Opinion
Choosing to read in the new TV age
In the beginning there was the newspaper. It decided what was important, presented it in an accessible manner, and send you the issue. Then came TV, it did the same, but stripped the need to pay attention from what it was sending you. You could just sit and watch without paying attention or even understand what was on your screen.
TV still lives, but there is now the web as well. It started off as something you have to engage with. You clicked on links consciously, you read what was on the screen, and you wrote to people on forums and over email. Then came the video era of the web. There still was some conscious decision-making involved - you chose the videos you watched and the videos you wanted to make.
In time however, the web too entered its TV era. Instead of you choosing what to watch, the screen started deciding for you. You do still scroll, but you do not choose what happens when you scroll. You just sit and watch without paying attention or even understand what is on your screen.
Despite foretellings about the internet will make TV - and the way of life it creates - obsolete, the internet has actually turned into TV. This works to the advantage of those who are products of TV - people who worked in TV and people who watch TV. But to those who long for the rustle of paper in their hands, it is a bit of a loss.
I was going through my browser history the other day. I scrolled through weeks worth of history and couldn't find a single old fashioned text-based web page. It was all video.
This is why I am writing - actually writing - to you. It's a choice being made in hopes that you too would make a choice.
Links
Death of the follower
This is a few months old. A talk by the CEO of Patreon on how the creator economy has changed and how the weight of the follow button has been diluted due to algorithmic considerations. It starts out with a bit of history, so if tou just want to get to the meat of it, watch from 18 minutes onwards.
If you are tired, you are fired!
If this report is to be believed, a Noida-based company surveyed its employees to see if they were stressed. Then it fired those who were stressed. I am sure none of them are stressed anymore. I am still working on believing this. What do you think? Does the brazen shamelessness of corporate culture stress you out? If yes, you're fired!

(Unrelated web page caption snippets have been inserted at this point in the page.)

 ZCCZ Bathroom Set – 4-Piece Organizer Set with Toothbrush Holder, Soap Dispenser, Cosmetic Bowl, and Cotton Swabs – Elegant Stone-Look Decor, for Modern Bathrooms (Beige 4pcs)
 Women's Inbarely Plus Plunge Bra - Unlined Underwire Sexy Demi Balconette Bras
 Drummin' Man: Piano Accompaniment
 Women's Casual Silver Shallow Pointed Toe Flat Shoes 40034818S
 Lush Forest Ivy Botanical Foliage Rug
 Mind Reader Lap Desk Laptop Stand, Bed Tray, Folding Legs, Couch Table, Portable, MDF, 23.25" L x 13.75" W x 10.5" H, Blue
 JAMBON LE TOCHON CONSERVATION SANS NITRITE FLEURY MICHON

Perhaps enlightenment shouldn't be permanent
As someone who talks a lot about religion, I keep hearing from people who speak of attaining enlightenment. They speak of it as a destination - something to reach and rest. Or a race - something to win and then nothing can take the trophy away from you. But I was listening to Shahid Kapoor speak of finding balance in life and I realised that perhaps conversations about enlightenment can be framed in a similar way. Balance, said he, is not a destination. It's something you have to practice daily. I was wondering if the same can be said about all "enlightened" figures. And if it can't, perhaps it should be. We need to encourage people to stop speaking of enlightenment as something that gets attained permanently. Maybe your favourite spiritual hero attained enlightenment. But did he stay there? Is it even possible to stay there?